I certainly don’t feel like having tons of extra disposable income is going to truly make me happy. I always try to be aware of the “keeping up with the Joneses” mentality. Personally, what really makes me happy in life is living with the man I love and snuggling on the couch with some wine and good conversation. While having a bit of extra cash may not truly make me happy, it might make life a little bit easier 😉
Post # 10
I know how you feel. I quit my job this summer and went back to school full time. It’s hard going back to not being able to buy pretty much anything other than the essentials. I hope you can get a new job soon and some moolah!
Post # 11
I hear you on this frustration. I sort of made a mistake with my first job because now I’ve gotten pigeonholed into this one type of position that I’ve grown to hate. I graduated college with a degree in journalism and public relations and moved to the city to work in either one of those fields. I had no luck getting a job, and the rent was due, so I took the first job I was offered. I’m still in the same type of position, ugh. While my friends/former classmates were living with their parents, working entry level PR jobs and moving up the ladder, I was getting further and further from what I wanted to do!
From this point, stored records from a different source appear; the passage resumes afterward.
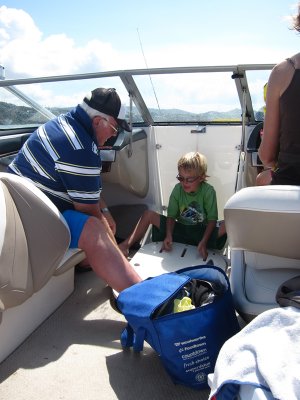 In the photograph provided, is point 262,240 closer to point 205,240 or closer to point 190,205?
point 205,240

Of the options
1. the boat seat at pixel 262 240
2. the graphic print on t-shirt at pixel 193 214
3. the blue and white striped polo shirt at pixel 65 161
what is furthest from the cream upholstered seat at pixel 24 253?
the graphic print on t-shirt at pixel 193 214

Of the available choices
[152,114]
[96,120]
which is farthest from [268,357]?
[152,114]

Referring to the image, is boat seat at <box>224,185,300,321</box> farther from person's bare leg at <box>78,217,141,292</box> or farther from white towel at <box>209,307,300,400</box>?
person's bare leg at <box>78,217,141,292</box>

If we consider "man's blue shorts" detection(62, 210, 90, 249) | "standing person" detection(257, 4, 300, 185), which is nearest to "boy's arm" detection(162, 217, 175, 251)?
"man's blue shorts" detection(62, 210, 90, 249)

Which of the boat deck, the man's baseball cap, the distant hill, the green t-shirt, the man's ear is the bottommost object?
the boat deck

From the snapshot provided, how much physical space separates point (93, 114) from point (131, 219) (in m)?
1.45

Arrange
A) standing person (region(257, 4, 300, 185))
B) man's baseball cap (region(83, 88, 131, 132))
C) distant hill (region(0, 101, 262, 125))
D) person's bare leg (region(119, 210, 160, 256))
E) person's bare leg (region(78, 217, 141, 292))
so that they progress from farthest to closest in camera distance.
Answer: distant hill (region(0, 101, 262, 125)), person's bare leg (region(119, 210, 160, 256)), man's baseball cap (region(83, 88, 131, 132)), person's bare leg (region(78, 217, 141, 292)), standing person (region(257, 4, 300, 185))

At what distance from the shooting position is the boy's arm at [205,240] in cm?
267

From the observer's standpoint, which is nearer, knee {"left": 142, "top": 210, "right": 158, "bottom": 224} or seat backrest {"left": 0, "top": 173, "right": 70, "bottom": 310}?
seat backrest {"left": 0, "top": 173, "right": 70, "bottom": 310}

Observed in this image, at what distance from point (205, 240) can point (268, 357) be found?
1.70 meters

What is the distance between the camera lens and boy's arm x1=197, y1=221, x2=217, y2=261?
2.67 metres

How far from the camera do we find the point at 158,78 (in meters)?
3.10

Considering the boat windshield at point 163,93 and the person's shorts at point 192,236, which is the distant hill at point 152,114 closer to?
the boat windshield at point 163,93

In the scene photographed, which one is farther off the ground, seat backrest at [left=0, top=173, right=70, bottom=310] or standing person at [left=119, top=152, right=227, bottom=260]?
seat backrest at [left=0, top=173, right=70, bottom=310] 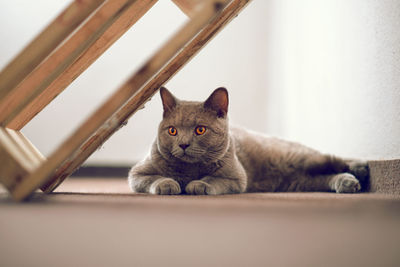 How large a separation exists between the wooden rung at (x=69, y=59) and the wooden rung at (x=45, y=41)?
0.04 meters

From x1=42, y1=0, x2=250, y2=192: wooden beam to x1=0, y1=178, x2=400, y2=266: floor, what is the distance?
0.29m

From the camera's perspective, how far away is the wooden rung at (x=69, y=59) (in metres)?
0.88

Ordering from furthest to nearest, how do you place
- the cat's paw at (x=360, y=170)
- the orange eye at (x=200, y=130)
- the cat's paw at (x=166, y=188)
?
the cat's paw at (x=360, y=170) → the orange eye at (x=200, y=130) → the cat's paw at (x=166, y=188)

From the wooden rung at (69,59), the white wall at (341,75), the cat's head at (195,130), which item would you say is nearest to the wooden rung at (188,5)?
the wooden rung at (69,59)

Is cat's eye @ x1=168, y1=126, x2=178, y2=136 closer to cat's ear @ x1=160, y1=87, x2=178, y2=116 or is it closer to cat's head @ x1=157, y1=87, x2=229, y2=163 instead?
cat's head @ x1=157, y1=87, x2=229, y2=163

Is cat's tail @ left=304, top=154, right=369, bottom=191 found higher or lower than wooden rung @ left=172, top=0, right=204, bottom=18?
lower

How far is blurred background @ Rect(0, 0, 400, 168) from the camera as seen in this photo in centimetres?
149

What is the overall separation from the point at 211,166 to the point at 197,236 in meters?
0.74

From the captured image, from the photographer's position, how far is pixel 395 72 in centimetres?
123

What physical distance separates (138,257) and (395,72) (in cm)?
111

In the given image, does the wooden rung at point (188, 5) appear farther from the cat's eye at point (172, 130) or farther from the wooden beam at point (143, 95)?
the cat's eye at point (172, 130)

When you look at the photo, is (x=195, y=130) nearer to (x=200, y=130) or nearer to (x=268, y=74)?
(x=200, y=130)

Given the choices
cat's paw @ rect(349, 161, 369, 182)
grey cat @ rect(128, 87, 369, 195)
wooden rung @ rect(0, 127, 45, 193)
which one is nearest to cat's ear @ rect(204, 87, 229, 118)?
grey cat @ rect(128, 87, 369, 195)

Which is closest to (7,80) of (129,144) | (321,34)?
(321,34) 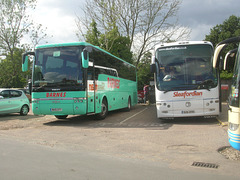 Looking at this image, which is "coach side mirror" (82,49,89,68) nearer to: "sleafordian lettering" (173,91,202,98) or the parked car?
"sleafordian lettering" (173,91,202,98)

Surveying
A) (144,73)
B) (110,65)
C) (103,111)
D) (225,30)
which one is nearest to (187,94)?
(103,111)

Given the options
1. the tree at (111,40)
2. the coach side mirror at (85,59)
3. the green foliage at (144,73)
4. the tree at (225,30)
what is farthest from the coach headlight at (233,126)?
the tree at (225,30)

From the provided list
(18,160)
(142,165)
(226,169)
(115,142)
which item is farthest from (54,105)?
(226,169)

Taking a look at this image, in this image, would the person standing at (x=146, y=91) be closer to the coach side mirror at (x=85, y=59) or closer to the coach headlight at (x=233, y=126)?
the coach side mirror at (x=85, y=59)

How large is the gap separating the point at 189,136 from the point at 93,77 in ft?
17.3

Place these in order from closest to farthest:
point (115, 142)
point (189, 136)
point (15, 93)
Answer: point (115, 142)
point (189, 136)
point (15, 93)

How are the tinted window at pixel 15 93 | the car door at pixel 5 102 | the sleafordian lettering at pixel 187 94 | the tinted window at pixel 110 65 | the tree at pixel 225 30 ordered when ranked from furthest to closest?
the tree at pixel 225 30 < the tinted window at pixel 15 93 < the car door at pixel 5 102 < the tinted window at pixel 110 65 < the sleafordian lettering at pixel 187 94

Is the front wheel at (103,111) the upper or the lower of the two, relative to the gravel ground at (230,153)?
upper

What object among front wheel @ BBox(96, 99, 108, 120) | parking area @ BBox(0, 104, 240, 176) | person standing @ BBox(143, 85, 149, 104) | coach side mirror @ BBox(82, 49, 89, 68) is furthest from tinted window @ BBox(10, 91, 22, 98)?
person standing @ BBox(143, 85, 149, 104)

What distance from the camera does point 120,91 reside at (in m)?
16.1

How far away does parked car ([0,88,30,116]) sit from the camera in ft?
47.0

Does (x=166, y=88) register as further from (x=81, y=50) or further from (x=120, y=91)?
(x=120, y=91)

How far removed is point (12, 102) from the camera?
583 inches

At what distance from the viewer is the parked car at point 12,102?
14320 millimetres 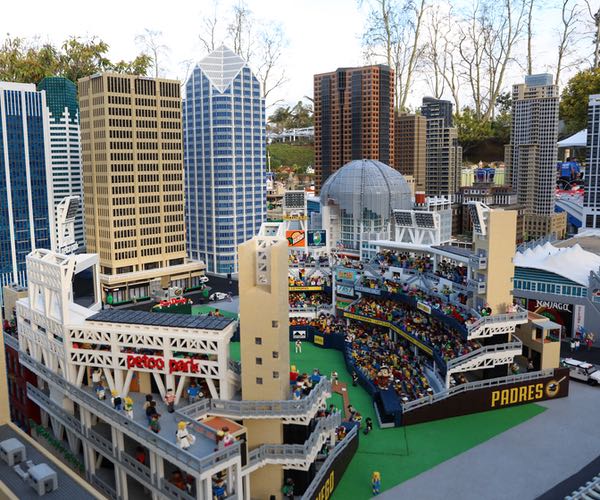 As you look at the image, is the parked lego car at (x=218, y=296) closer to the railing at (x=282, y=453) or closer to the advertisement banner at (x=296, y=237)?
the advertisement banner at (x=296, y=237)

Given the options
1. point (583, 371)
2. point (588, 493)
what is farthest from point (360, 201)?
point (588, 493)

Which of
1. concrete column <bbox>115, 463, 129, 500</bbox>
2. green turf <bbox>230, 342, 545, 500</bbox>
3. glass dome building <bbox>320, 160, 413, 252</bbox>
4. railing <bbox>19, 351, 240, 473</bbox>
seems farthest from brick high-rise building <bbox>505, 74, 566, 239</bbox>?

Now I’m back in school getting my masters’ and hopefully that will lead me to more of the career I’m looking for. I’m so jealous of FI — whose career is going great!
Post # 12
Yup-know how you feel! Lots of debt, & I graduate in May so in November I’ll be getting more, but not before I get wedding debt in August!!
Post # 13
I just want to say that you are not alone, and you are not being “dumb”, but just frustrated. At lest you are still a student so being poor is more “acceptable”, try being just poor! lol 🙂
Post # 14
I’m with you. I had to work my way through college, and I really didn’t have time to work on the things I loved. While most kids took on interships, I had to work full time. I graduated and had to start paying back the enormous mountain of student loan debt, so I took a job that covered the bills. I want to go back to school, and I want to work on my dreams. From the looks of it, I will be in my mid to late thirties when I get the chance to start doing what I want. I suppose that’s not bad, but I wish I had been able to start earlier.
Post # 15
UGH – totally understand!
26 doing a PhD will be 29 when I am finished! It sucks! The money thing sucks and I feel like I am working towards a career that doesn’t fit with the family oriented life style I want to have.
Post # 16
you’re not the only one. when i was working, i was making less than $40k a year, way less than many of my friends who are teachers and everyone knows how low teaching salaries can be. it sucked being the only one still living at home but i just couldn’t afford it no matter how many times i tried to slice my budget.
but i’m in the middle of a career switch following a layoff and am in grad school so living at home has definitely been my saving grace. i understand your frustration and from what i hear, it does eventually turn around!